Pictures with short captions
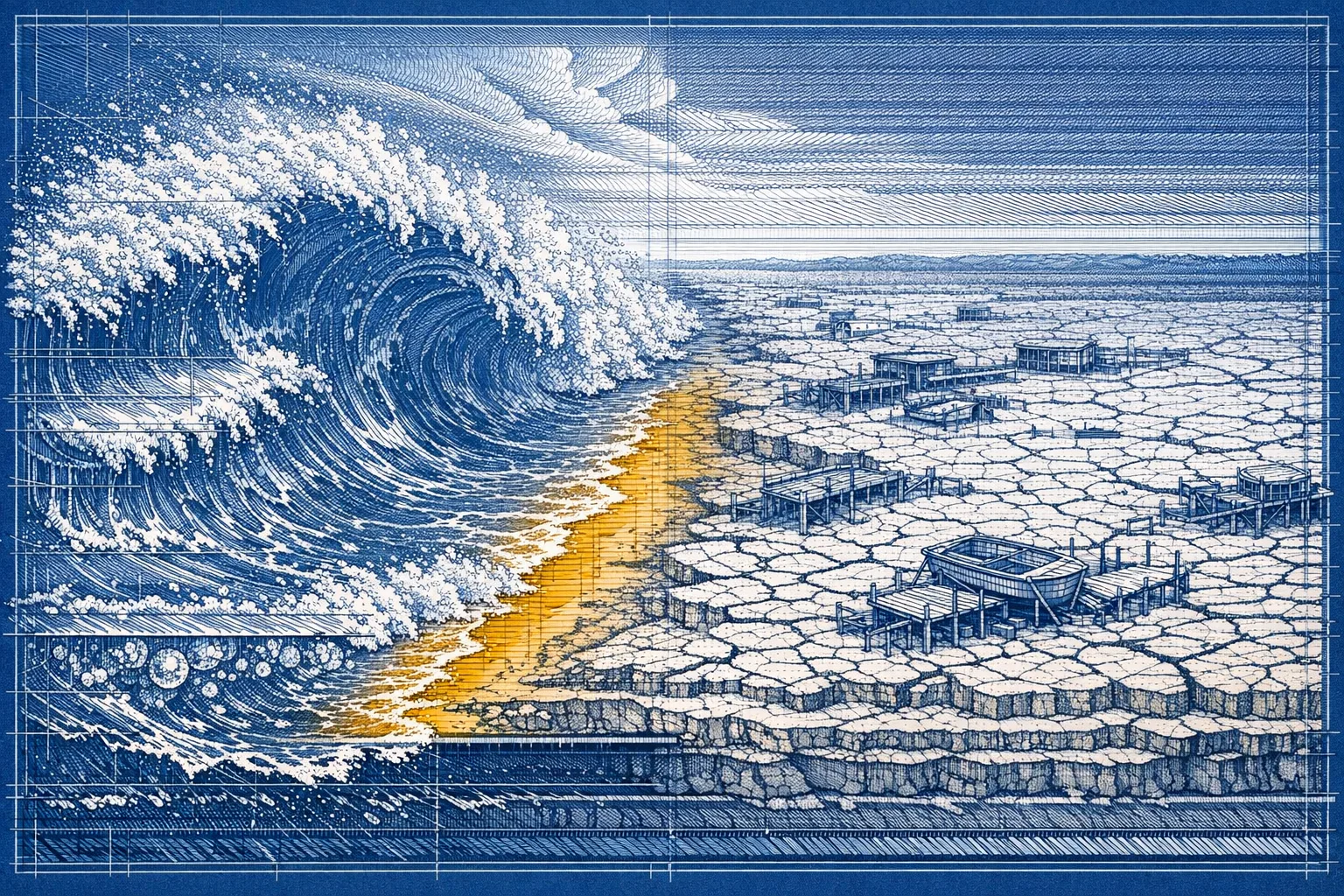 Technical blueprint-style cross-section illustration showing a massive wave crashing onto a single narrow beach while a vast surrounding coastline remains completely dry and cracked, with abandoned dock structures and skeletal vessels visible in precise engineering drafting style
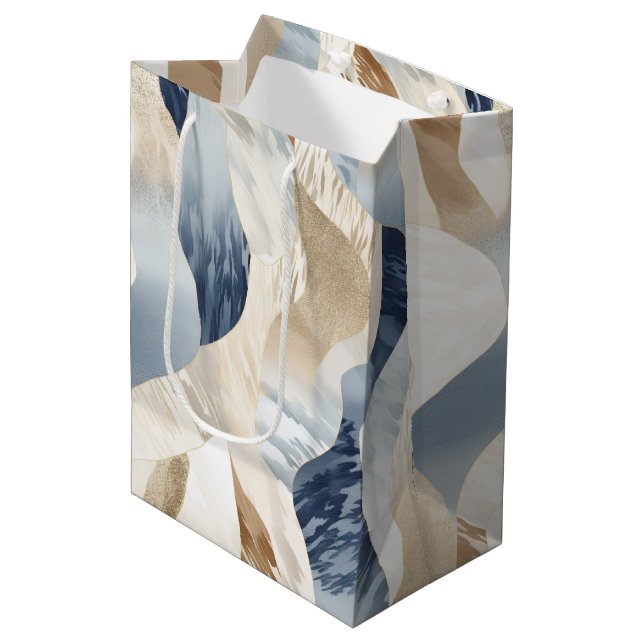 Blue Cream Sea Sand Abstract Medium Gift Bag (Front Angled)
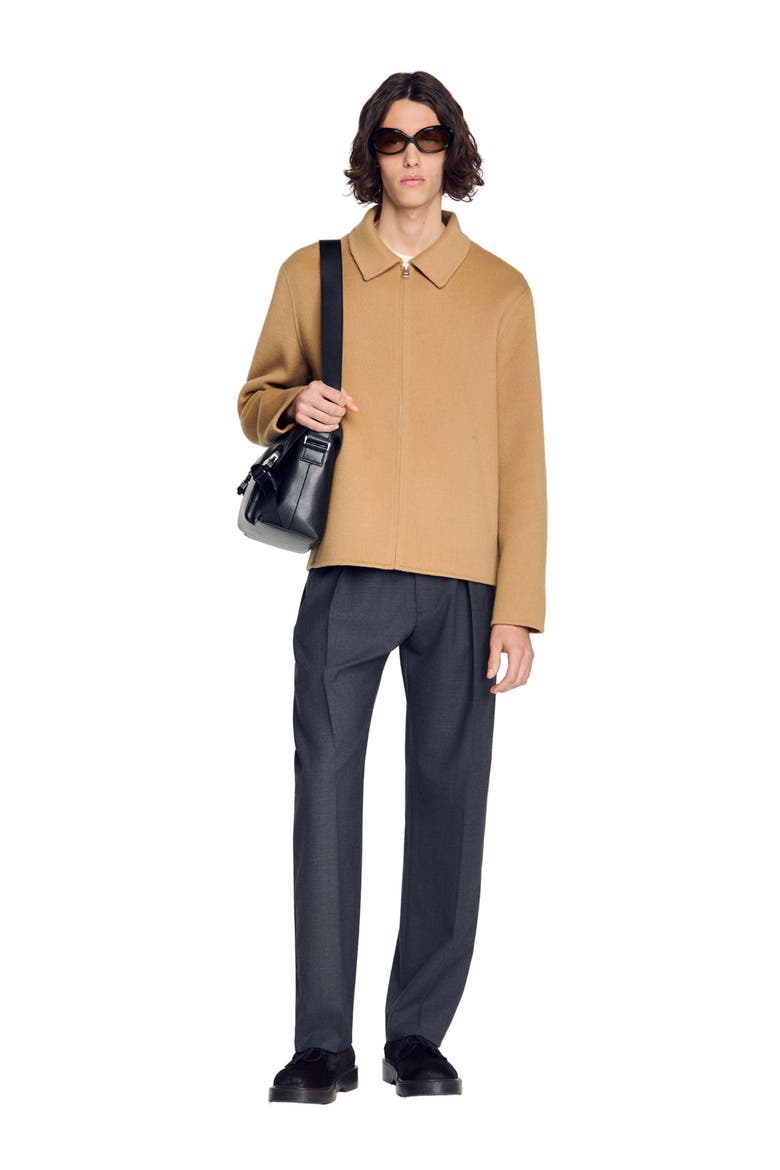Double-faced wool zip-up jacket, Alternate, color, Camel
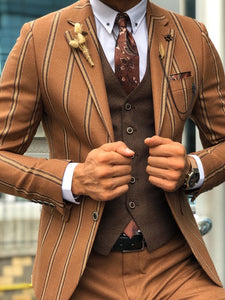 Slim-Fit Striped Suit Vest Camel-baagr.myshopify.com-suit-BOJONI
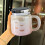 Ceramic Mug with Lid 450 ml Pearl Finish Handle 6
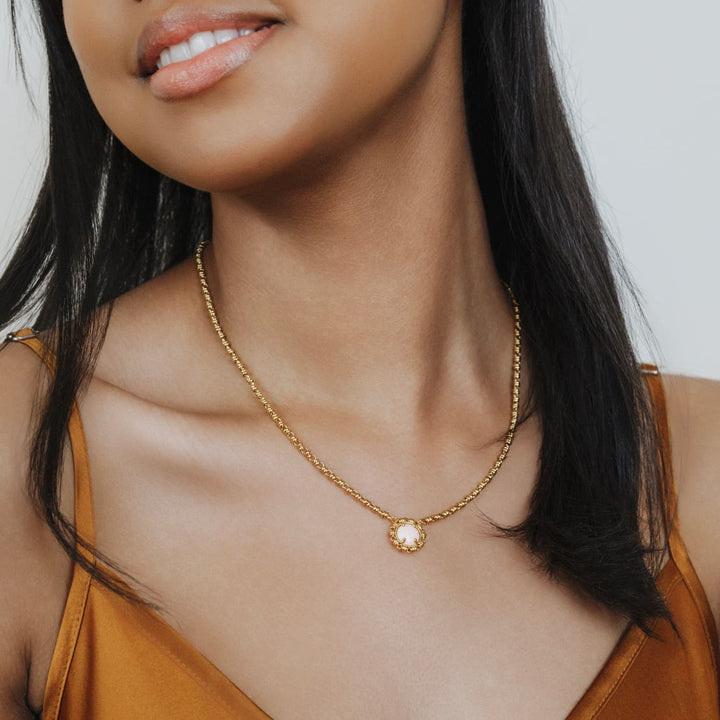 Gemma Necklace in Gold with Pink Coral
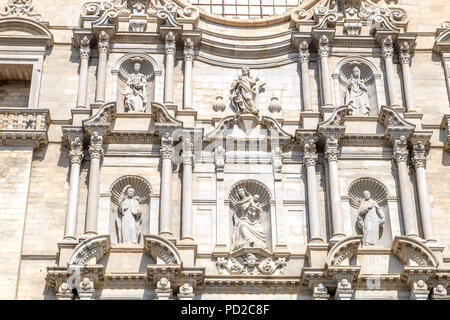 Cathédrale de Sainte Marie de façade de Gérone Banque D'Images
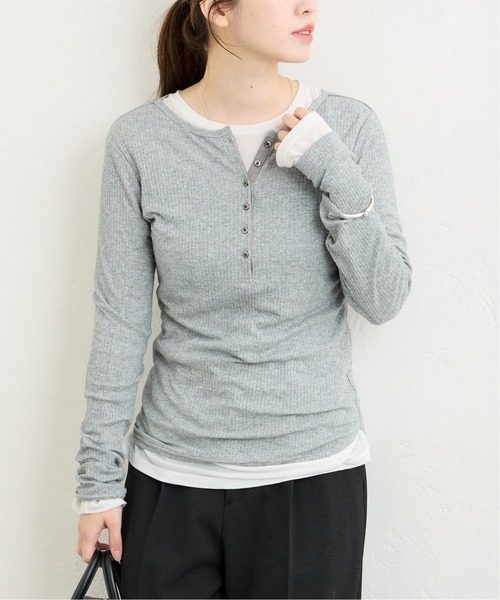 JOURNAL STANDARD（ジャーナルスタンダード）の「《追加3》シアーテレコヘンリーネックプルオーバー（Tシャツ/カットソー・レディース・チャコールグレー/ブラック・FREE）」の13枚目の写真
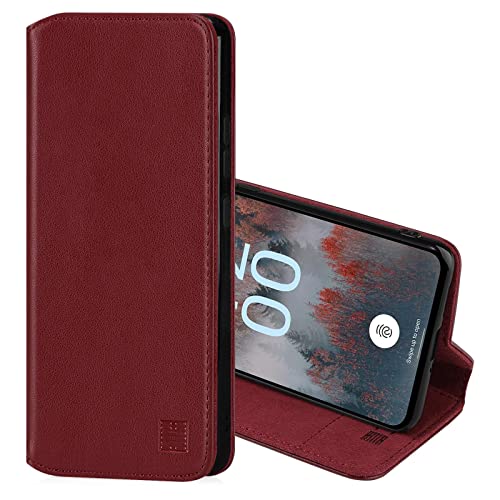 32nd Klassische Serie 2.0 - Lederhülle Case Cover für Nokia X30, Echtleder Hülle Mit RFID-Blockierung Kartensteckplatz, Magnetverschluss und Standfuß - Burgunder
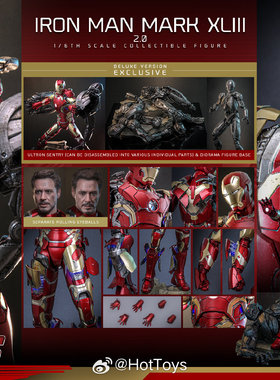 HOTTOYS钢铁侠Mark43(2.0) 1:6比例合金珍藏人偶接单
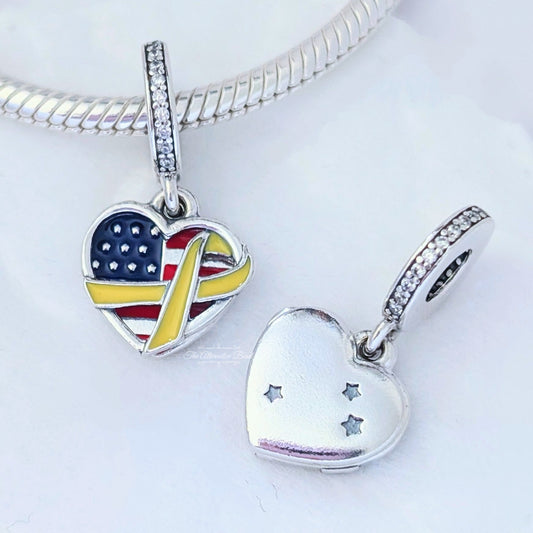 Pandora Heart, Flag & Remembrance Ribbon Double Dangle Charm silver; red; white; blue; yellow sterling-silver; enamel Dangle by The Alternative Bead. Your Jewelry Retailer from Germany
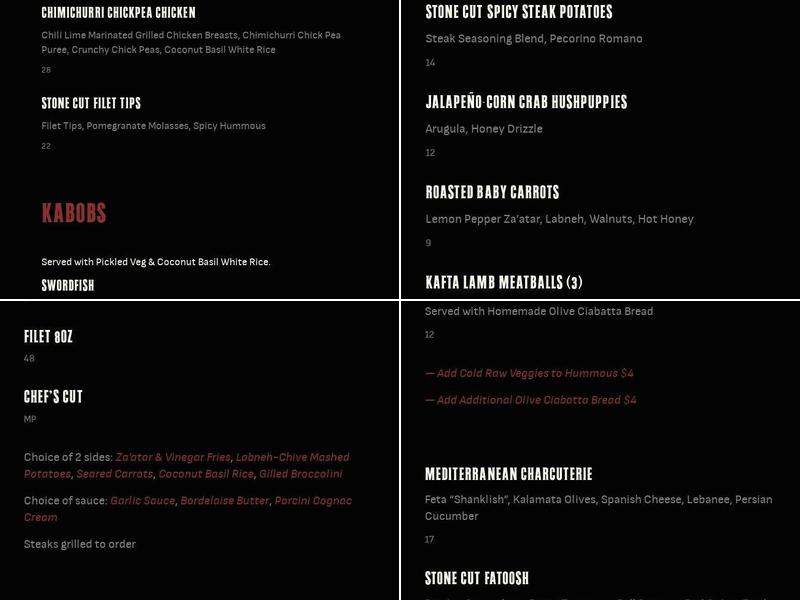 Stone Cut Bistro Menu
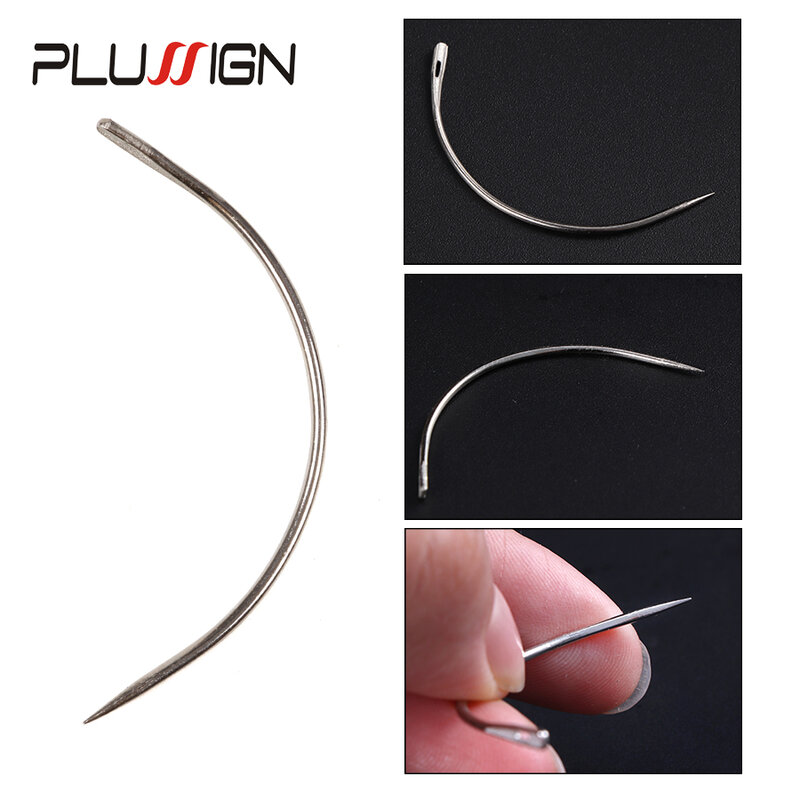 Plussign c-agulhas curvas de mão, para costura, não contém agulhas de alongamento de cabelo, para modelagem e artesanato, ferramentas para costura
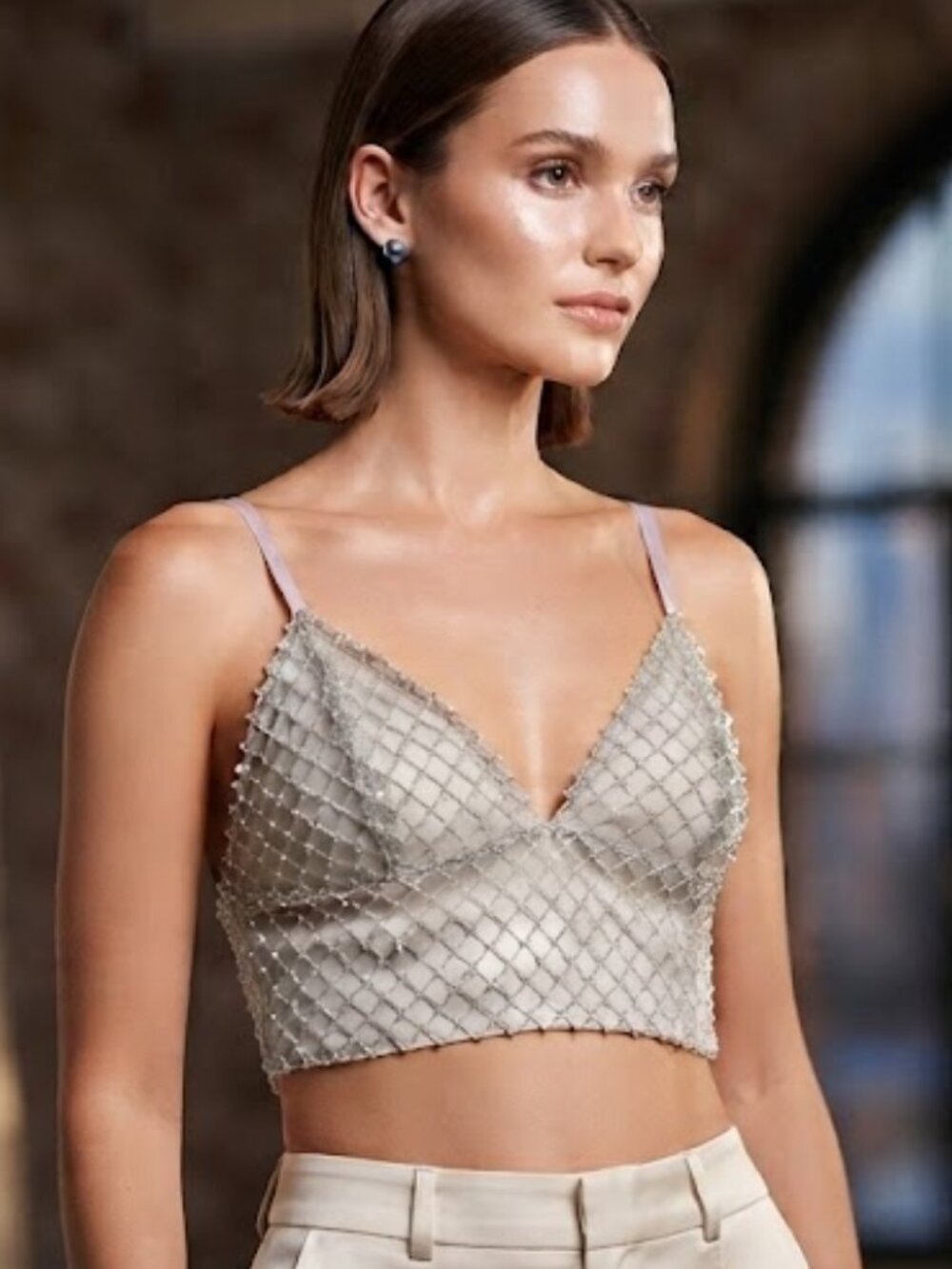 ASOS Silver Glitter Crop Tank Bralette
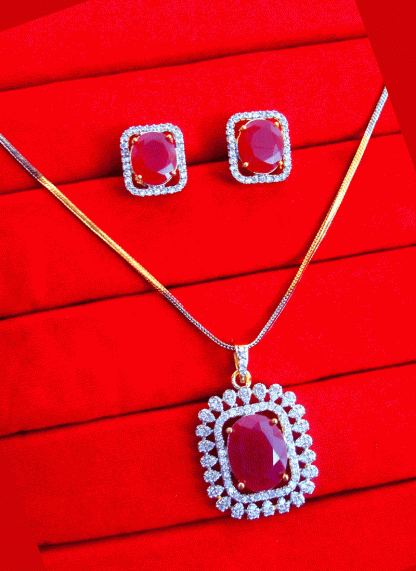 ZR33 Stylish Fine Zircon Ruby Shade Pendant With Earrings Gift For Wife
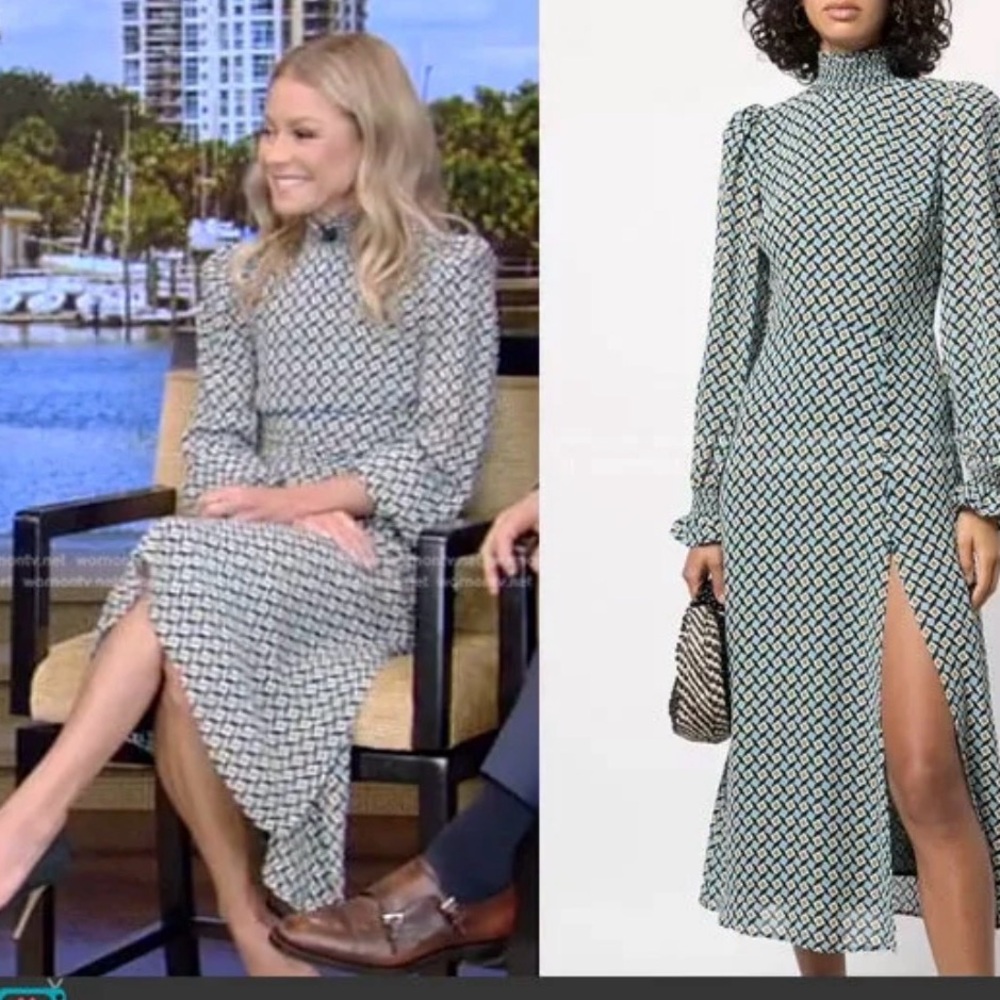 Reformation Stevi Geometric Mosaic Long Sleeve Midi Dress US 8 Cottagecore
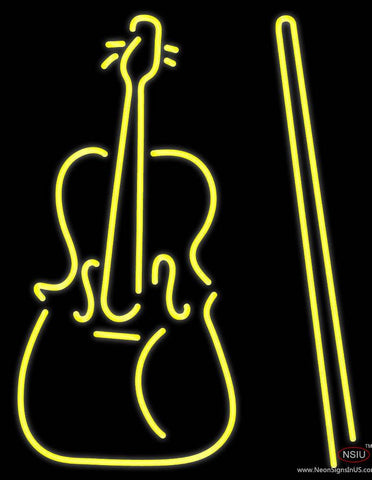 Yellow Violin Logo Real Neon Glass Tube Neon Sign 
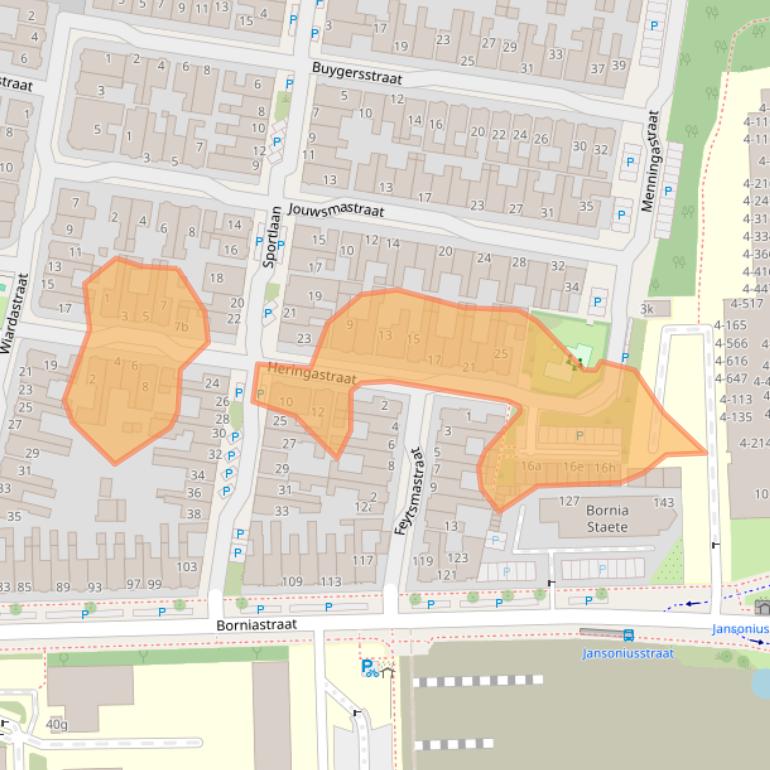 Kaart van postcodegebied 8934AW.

TASK GOAL: When pictures appear in the records above, leave them out and reproduce exactly each line from the first through the line containing "Double-faced wool zip-up", both included.

EXPECTED ANSWER:
 Technical blueprint-style cross-section illustration showing a massive wave crashing onto a single narrow beach while a vast surrounding coastline remains completely dry and cracked, with abandoned dock structures and skeletal vessels visible in precise engineering drafting style
 Blue Cream Sea Sand Abstract Medium Gift Bag (Front Angled)
Double-faced wool zip-up jacket, Alternate, color, Camel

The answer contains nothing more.